Sentii i fucili caricarsi e capii che sarebbe finita così, me ne sarei andata come avevo vissuto, con lui accanto … invece, quando fu il momento, ricordo che Zell mi guardò come faceva sempre, prepotente, saccente, ma lui non si scansò dai proiettili, scansò me.

Mi amava così forte da dare la vita per me e allo stesso tempo mi privava della facoltà di amarlo a mia volta. Non voleva che ripagassi il mio debito, si è portato via tutto ciò che avevo, ma ha anche voluto che fossi la sola che lo avrebbe ricordato. È qualcosa che riesco, a malapena, ad accettare solo adesso che sono passati cinque anni. Invece di essere quello che avevo sognato per noi, la famiglia che progettavamo la sera, da soli, ha scelto di essere un ricordo.

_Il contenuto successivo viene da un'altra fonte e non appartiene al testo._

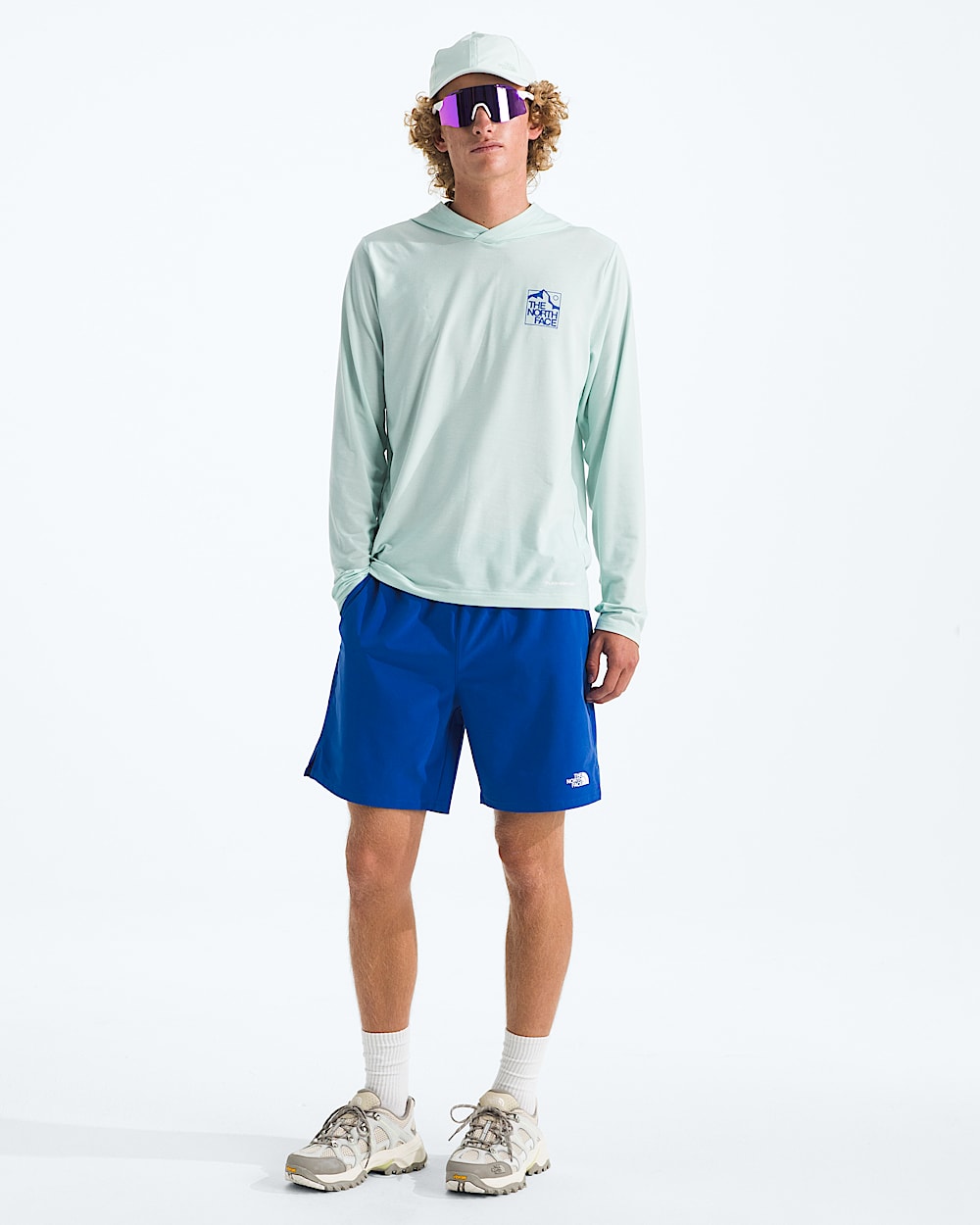 Mens Adventure Sunrise Hike Hoodie TNF HERO2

Mi ha salvato e distrutto la vita nello stesso momento e questo non potrò mai perdonarglielo.- fiottò senza poter trattenere le lacrime, ferita dallo sguardo di Sully allarmato e smarrito. Gli voltò le spalle, cercando di calmare i singhiozzi che la scuotevano nel profondo, disorientata dall’amore che provava verso l’uomo che ancora la guardava in silenzio, sperando che non la rifiutasse.